While the Brits have a reputation for “queueing”, nobody did it like the citizens of Soviet Russia:

They even went nuts over their first McDonald’s.

A related joke, which I heard in the 1980s:

Two Poles meet each other on the street.

Pole #1: “Where are you heading?”

Pole #2: “To Krakow, to buy bread.”

Pole #1: “Krakow? The only place where there’s any bread is Warsaw!”

Pole #2: “I know, but the end of the line is in Krakow.”

It’s a hangover from WW2 and the austerity/rationing period that continued for some years thereafter * -another example of the “Britain can take it” mood. But there’s also a sort of fetishisation of more recent queues - for Wimbledon tennis, for the cheap standing tickets for the BBC Proms -and any occasion that leads some loon to start queueing 24 hours in advance.

*There was a cartoon from that time that showed a line of puzzled-looking people and a man saying"Well, if you’re waitiing for Gone With The Wind, she’s waiting for her cat’s meat ration and I’m waiting for a No.9 bus, what kind of a queue is this?"

What are these? I’ve seen them referred to on this site, but also in books, and nobody ever explains it. And I always forget to google it later.

I believe it’s a classical music festival featuring indoor and outdoor concerts with cheap standing room tickets.

Ah. I can see queuing for that.

[shouty voice]It’s spelled queueing![/shouty voice]
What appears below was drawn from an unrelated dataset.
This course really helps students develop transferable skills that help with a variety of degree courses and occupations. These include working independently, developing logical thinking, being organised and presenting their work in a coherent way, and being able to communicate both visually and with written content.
Five vowels in a row! A vowel queue!

Rats. I know that. I missed that second ‘e’ – not intentionally.

Now look at the thread title.

Yeah, I noticed that. I guess that’s why you used the shouty voice?

But why is it spelled queue vs. que?

Because que is pronounced kay; don’t confuse it with quay, which is pronounce key.

My own gut feeling is that some of the British “queue” mentality is a contrast with the mob behavior on the continent.

People in the UK always seem to be politely standing in line to place an order at the counter, or whatever. In Europe there are many places you just have to push to the front to place your order. If you stand politely, you’ll never get lunch.

Ask the French. It’s their word.

Britons queue; Americans stand in line.

I think it comes from the wartime and post war rationing in the UK (which lasted long after the war had finished, so would have seemed unusual to visitors from other countries most especially from the US)

The joke at the time that if an Englishman saw a queue they would join it simply because they did want to miss out on whatever was at the front of it. I think there is a healthy chunk of English chuvinism at work too (as in they may have queues in other countries but they are anarchic free for falls, unlike the respectful British who have the strength of character to wait in line without pushing in)

I was always reminded of it when I lived in SF and walked past countless brunch queues at the weekend.

Absolutely:

Or, as I’ve heard it in Pennsylvania, stand on line. Personally, I think that usage sounds silly.

I agree with this. Also, when average Brits starting taking holidays in abroad from the 70s-ish onwards, it heightened our awareness of cultural differences - suddenly, we could observe that Europeans didn’t hardly queue at all - shocking behaviour! - so it became more of a topic of conversation.